与えられた役割や状況によって、人の行動はどのように変化するのか。
このことを検証したのが模擬刑務所実験(スタンフォード監獄実験)です。
この実験は、スタンフォード大学の地下に、本物に似せた模擬刑務所をつくって行われました。
参加者したのは、心身ともに健康で、これまで反社会的行為をとったことのない21名の男子学生。
参加者たちはランダムに看守役と、囚人役にふりわけられ、模擬監獄の中で2週間に渡ってそれぞれの役を演じます。
看守役は1日8時間の3交代制、囚人役は24時間の参加です。
リアリティを出すため、看守役はサングラスと制服を着用し、警笛と木製の警棒も支給されます。
一方の囚人役は名前でなくID番号で呼ばれ、足に鉄製の鎖をはめられて監獄に収容されました。
こうして始まった模擬監獄実験でしたが、その影響は実験者の予想以上でした。
時間とともに看守役は囚人役に対して命令的、侮蔑的、支配的な言動をとるようになり、囚人役への精神的な虐待が蔓延。ついには禁止されていた暴力行為も発生したことから、わずか6日で実験は中止となりました。
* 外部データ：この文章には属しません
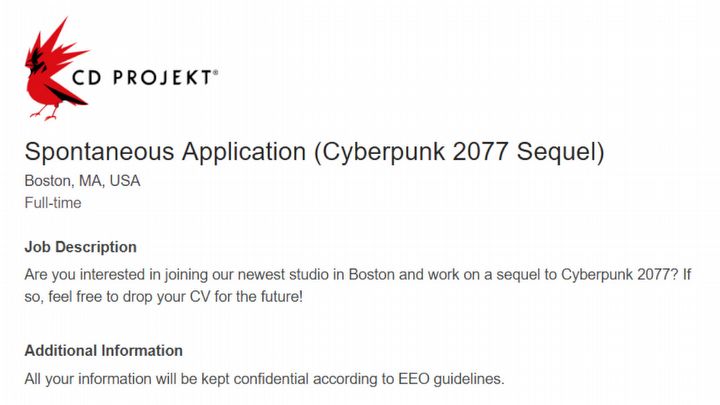 Work on Cyberpunk 2077 Sequel Proceeding as Planned; CD Projekt Seeks Specialists - picture #1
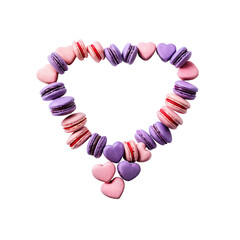Obraz premium isolated heart shape macaroon cookies
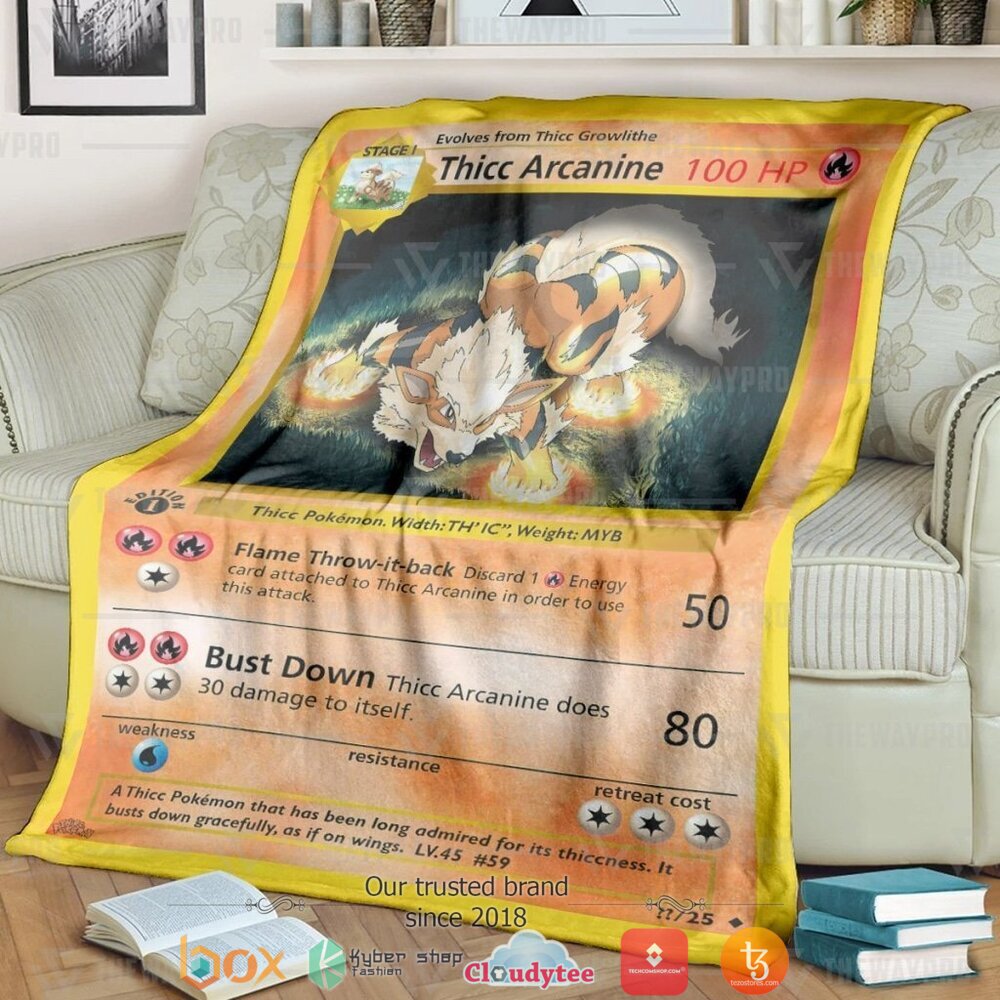 Anime Pokemon Thicc Arcanine soft Blanket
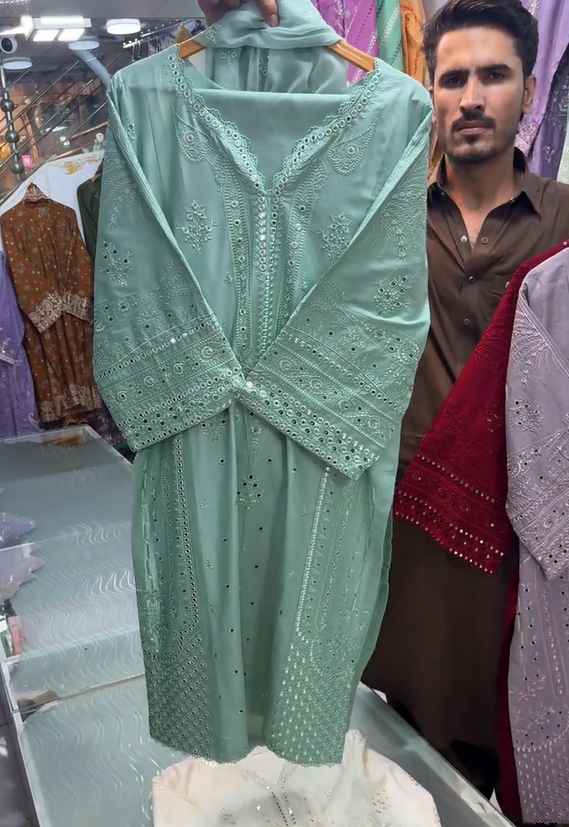 LAMA EMBROIDERED WORK 3 PIECE DRESS
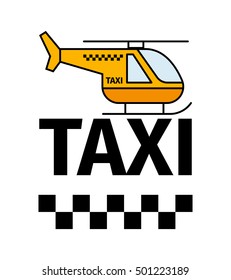 Helicopter taxi transport, advertising poster, vector illustration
この実験は、他人を服従させることのできる役割を与えると、人はその役割に染まり、残忍な振る舞いも平気で行うようになる事例とされています。
ただ、その一方で「看守役は自然と残忍になったわけではなく、実験者によって残忍に振る舞うよう誘導があった」とする批判もあり、その実験の信憑性を疑問視する声もあります。